» INSTRUCTIONS FOR THE TASK: From the entries below, return only the lines starting at the one that contains "Coastal waterfront home" and ending at the one that contains "T.Sokolski Botas Shelovet", exactly as they stand.

:: MATERIAL PROVIDED ::

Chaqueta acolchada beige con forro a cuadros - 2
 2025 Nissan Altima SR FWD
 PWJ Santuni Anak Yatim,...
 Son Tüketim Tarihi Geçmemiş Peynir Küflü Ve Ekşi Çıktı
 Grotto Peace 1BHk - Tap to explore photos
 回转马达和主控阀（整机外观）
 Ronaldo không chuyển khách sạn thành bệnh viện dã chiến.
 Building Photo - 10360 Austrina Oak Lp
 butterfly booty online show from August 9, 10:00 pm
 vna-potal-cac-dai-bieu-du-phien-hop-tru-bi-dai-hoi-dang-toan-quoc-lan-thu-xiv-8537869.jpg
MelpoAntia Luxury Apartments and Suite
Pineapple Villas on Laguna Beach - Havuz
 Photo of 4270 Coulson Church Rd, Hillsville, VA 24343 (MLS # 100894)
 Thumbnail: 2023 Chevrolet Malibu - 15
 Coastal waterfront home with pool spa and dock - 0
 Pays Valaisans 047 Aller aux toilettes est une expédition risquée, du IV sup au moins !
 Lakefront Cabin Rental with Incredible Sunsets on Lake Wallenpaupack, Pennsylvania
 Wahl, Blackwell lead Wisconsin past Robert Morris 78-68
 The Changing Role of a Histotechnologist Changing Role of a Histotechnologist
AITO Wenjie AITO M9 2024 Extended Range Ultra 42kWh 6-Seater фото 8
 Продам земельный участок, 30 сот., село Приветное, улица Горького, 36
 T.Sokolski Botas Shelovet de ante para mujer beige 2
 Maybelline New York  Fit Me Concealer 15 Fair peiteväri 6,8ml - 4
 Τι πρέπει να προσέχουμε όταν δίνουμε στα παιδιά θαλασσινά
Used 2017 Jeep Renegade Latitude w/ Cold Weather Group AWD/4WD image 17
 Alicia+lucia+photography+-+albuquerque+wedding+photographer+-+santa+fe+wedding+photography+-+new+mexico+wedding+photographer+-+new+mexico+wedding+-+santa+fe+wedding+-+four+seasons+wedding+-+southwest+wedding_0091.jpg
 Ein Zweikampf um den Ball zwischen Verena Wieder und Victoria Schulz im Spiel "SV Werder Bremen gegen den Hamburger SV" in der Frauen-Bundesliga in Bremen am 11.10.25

:::

» WRITTEN RESPONSE:
 Coastal waterfront home with pool spa and dock - 0
 Pays Valaisans 047 Aller aux toilettes est une expédition risquée, du IV sup au moins !
 Lakefront Cabin Rental with Incredible Sunsets on Lake Wallenpaupack, Pennsylvania
 Wahl, Blackwell lead Wisconsin past Robert Morris 78-68
 The Changing Role of a Histotechnologist Changing Role of a Histotechnologist
AITO Wenjie AITO M9 2024 Extended Range Ultra 42kWh 6-Seater фото 8
 Продам земельный участок, 30 сот., село Приветное, улица Горького, 36
 T.Sokolski Botas Shelovet de ante para mujer beige 2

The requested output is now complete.